OWENSBORO, Ky. (May 22, 2018) — German American Bancorp, Inc. and First Security Inc. announced today that they have entered into a definitive agreement to merge First Security into German American. Upon completion of the transaction, First Security’s subsidiary bank, First Security Bank, Inc., will be merged into German American’s subsidiary bank, German American Bank.
Under terms of the definitive agreement, First Security common shareholders will receive a fixed exchange ratio of 0.7982 shares of German American common stock for each share of First Security in a tax free exchange, and a cash payment of $12.00 per First Security share. After completion of the merger, it is anticipated that a board member of First Security will be joining the board of German American. In addition, Michael F. Beckwith, president and CEO of First Security, will assume the newly established role of Kentucky divisional president.
Based upon the $35.08 per share 20-day volume weighted average price of German American’s common shares ending on May 18, 2018 (the valuation upon which the exchange ratio was established), the transaction has a value of $40.00 per First Security common share. Because a portion of the consideration to be received is German American’s common stock, the stock portion of the transaction value will fluctuate until closing together with the market price of German American’s common shares.
Based on First Security’s number of common shares currently outstanding and the anticipated conversion of First Security’s remaining convertible subordinated debt to common shares at closing, German American expects to issue approximately 2.0 million shares of its common stock, and pay approximately $31 million cash, for all of the issued and outstanding common shares and outstanding options of First Security. Based upon the $35.08 per share 20-day volume weighted average price of German American’s common shares ending on May 18, 2018, the transaction has an aggregate indicated value of approximately $101.0 million, with the total merger consideration being split between stock and cash on an approximate 70:30 basis.
Mark A. Schroeder, chairman and CEO of German American, stated, “This merger with First Security represents a strategic opportunity for German American to expand our community-focused, customer-centric business model into the vibrant Kentucky metropolitan markets of Owensboro, Bowling Green, and Lexington. First Security has built a solid community banking franchise in these three distinct Kentucky markets in which German American can provide our extensive offerings of banking, insurance, and investment products and services to First Security’s current and prospective clients.

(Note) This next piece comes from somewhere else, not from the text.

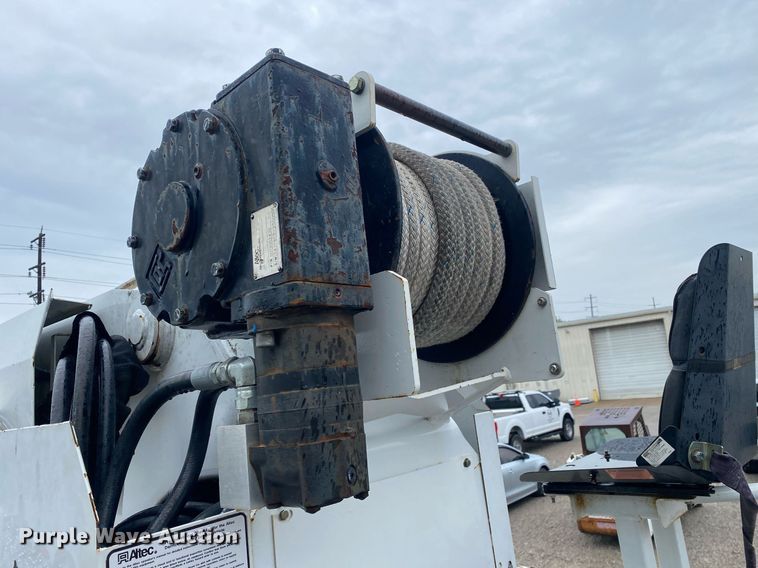 image for item DL7210 2014 Freightliner Business Class M2  digger derrick truck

The combination of our two organizations provides an important entrance for German American into three of the largest Kentucky metropolitan market areas, and enhances German American’s existing presence in the Evansville, Ind. metropolitan market area, which is the third largest metropolitan market in Indiana and where we currently hold a significant and growing market share. We’re extremely excited about the multiple future organic growth opportunities this merger will afford our Company.”

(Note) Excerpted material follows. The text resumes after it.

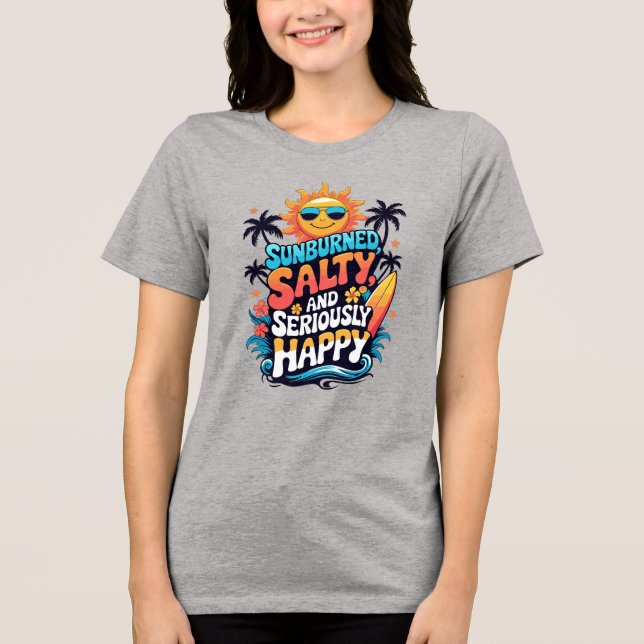 Camiseta Sunburned Salty and Happy – Retro Beach Vibes (Frente)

Schroeder continued, “We expect that this strategic transaction will be accretive to German American’s earnings per share during the 12 months following completion of the transaction, and will have a quick tangible book value earn back. Following completion of the merger, German American’s pro form a capital ratios will continue to significantly exceed regulatory well-capitalized levels, enabling us to continue to take advantage of future organic and acquisition growth opportunities in Kentucky and throughout our existing Southern Indiana market area.”
Michael F. Beckwith, president and CEO of First Security, stated, “This partnership with German American will enable us to deepen and broaden the financial services we provide in all of our markets, and will provide great opportunity for both our customers and employees. Strategically and culturally, we are well aligned with German American, and through this partnership, German American is gaining a meaningful presence in Kentucky.”
From a shareholder perspective, German American is one the nation’s best-performing community banking organizations, and their NASDAQ listed stock provides our shareholders with enhanced liquidity and trading volume. German American’s reputation, financial strength and capabilities will provide tremendous value to our customers, employees, communities and shareholders.”
The transaction is expected to be completed in the fourth quarter of 2018. Completion of the transaction is subject to approval by regulatory authorities and First Security’s shareholders, as well as certain other closing conditions. In connection with the definitive agreement, German American entered into voting agreements with the members of the Board of Directors of First Security and with certain of First Security’s principal shareholders, who collectively hold approximately 27 percent of the outstanding shares of First Security common stock. Subject to the terms and conditions of the voting agreements, these parties have agreed to vote their shares in favor of the transactions contemplated by the definitive agreement.